With the DOJ’s victory in Coscia, and after more than three years of heightened civil enforcement by the exchanges and CFTC, expect aggressive enforcement of the anti-spoofing provisions to increase. To this end, the CFTC filed a civil complaint in April 2015 against London-based high-frequency trader Navinder Sarao and his firm, Nav Sarao Futures Ltd. The agency alleges Sarao manipulated the CME’s E-mini S&P 500 futures contract by placing—and then promptly canceling or modifying just before execution—hundreds of thousands of “exceptionally large” trades. The agency further alleges that Sarao helped to cause the “flash crash” of 2010. In addition, on Oct. 19, 2015, the CFTC filed suit against Chicago-based trader Igor Oystacher and his firm 3Red Trading LLC on charges of spoofing. The complaint alleges that Oystacher and his firm carried out more than 5,000 spoof orders from December 2011 to January 2014, involving nearly 360,000 underlying contracts—orders that were usually canceled in less than a second.
With Coscia and the CFTC’s earlier guidance in mind, it is prudent for traders to review their trading strategies and algorithms. Firms should consider the following factors when evaluating if their trading strategies and algorithms lead to higher cancellation rates:
- Do trading algorithms call for cancellation of bids and offers in all cases, even when prices move in a favorable direction?
- Are cancellation rates of bids and offers meaningfully higher during contract closing periods?
- Are there differences between fill rates for large vs. small orders?
- Is there a potential connection between cancellation activity and market prices?
- Are cancellations driven by trading in other markets (such as where a strategy is pursued through both the futures markets and the securities markets)?
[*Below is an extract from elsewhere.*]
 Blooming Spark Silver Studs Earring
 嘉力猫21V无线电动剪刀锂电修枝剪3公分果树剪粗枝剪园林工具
Firms should also be mindful of order-fill rates generally and have a legitimate rationale for all orders and cancellations. Indeed, firms should evaluate any coding instructions or other computer programming direction to ensure there is a legitimate rationale for the instructions. Finally, traders should be aware of the aggressive push by civil and criminal authorities, often working in tandem and with overseas regulators, in this emerging area of enforcement.